O come Luigi Millefiorini, che fece fuori la moglie Giovanna a Roma, in via Appia. La donna aveva una
relazione con un certo Leone. In primo grado Leone giurò di non avere mai sfiorato con un dito Giovanna e
Luigi fu condannato a 3 anni e 6 mesi di reclusione, in appello l´uomo confessò di essere l´amante e la
condanna per Luigi scese a 7 mesi. Fu scarcerato con il solito battimani. Era il 1954. O come il maresciallo di
polizia Alfonso La Gala, che colpì la moglie Anna con un tubo di ferro nella loro casa di Aversa. Lei aveva
confessato di amare un altro. La condanna fu di 2 anni di reclusione e la non menzione sul certificato penale.
Era il 1978.
L´articolo del codice era sempre quello, il numero 587 che così recitava: «Chiunque cagiona la morte del
coniuge, della figlia o della sorella, nell´atto in cui ne scopre la illegittima relazione carnale e nello stato d´ira
determinato dall´offesa recata all´onor suo o della famiglia, è punito con la reclusione da 3 a 7 anni».
Qualcuno cercò di abolirlo già nel 1968. Il primo fu il ministro della Giustizia Oronzo Reale, poi Giuliano
Vassalli. Ma le loro proposte si arenarono in Parlamento. Solo dopo il referendum sul divorzio e quello
sull´aborto l´odioso articolo fu cancellato. La legge è la numero 442 del 5 agosto 1981.
Fino ad allora restarono impuniti quei forzati dell´onore.

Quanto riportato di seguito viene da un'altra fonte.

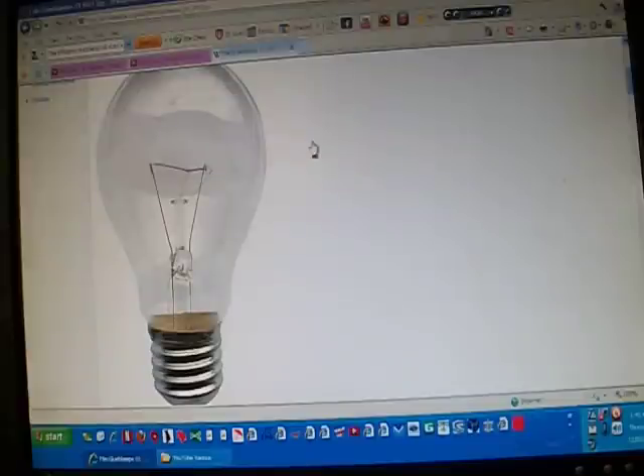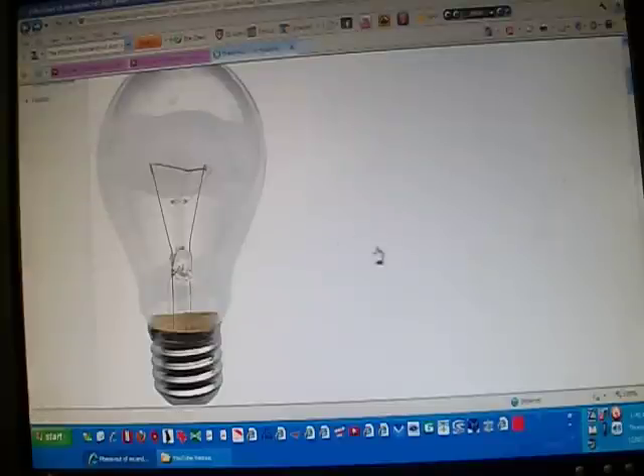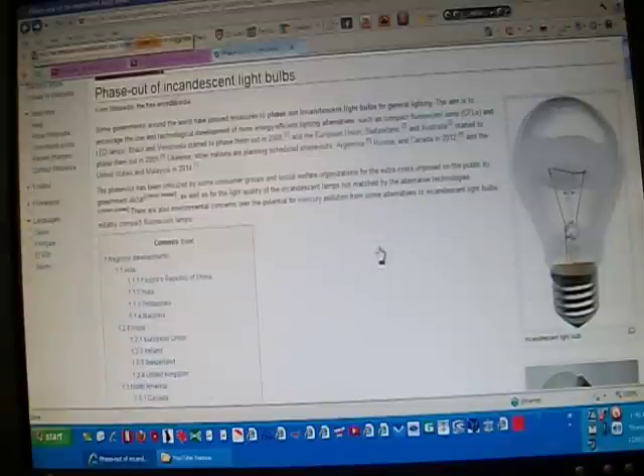The 8th of December 2011. There is a light bulb we've all come to enjoy. Some have changed over to CFLs, some have changed over to LEDs.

Vergogna raccontata anche da Pietro Germi nel suo
famosissimo «Divorzio all´italiana». Il film è del ‘61. Il protagonista, un barone siciliano - Marcello Mastroianni
- stanco della petulante moglie e invaghito di una cugina sedicenne, indusse la consorte al tradimento per
poi ucciderla. Condannato a una pena minima per «delitto d´onore», il barone finalmente sposò la cugina.
In quell´Italia è accaduto di tutto in nome dell´onore. Febbraio 1967, in un albergo di Bagnoli Maria Di Stasio
evira con una lama il giovane amante e getta dalla finestra l´oggetto della sua rappresaglia. Ottobre 1979, il
carrettiere di Trapani Vito Cardella uccide il possidente Giovanni Castiglione perché quasi mezzo secolo
prima - nel 1937 - gli aveva detto: «Ti ho fatto cornuto». Marzo 1980, il segretario regionale del Psi campano
viene ucciso da un uomo che ai carabinieri racconta: «Era giusto così, andava con mia moglie». Eserciti di
avvocati si sono arrampicati anche sui muri per sostenere le ragioni di quegli assassini. Come Giuseppe
Casalinuovo, principe del foro di Reggio Calabria, che difese con successo un certo Annibale Mazzone con
una sbalorditiva arringa: «E´ il disonore che ci devasta, che ci rende folli. In noi c´è il fuoco dei nostri
vulcani... se sei tradito uccidi, te lo gridano i tuoi avi da millenni, te lo gridano i tuoi morti da tutte le fosse.
Uccidi, se no sei disonorato due volte».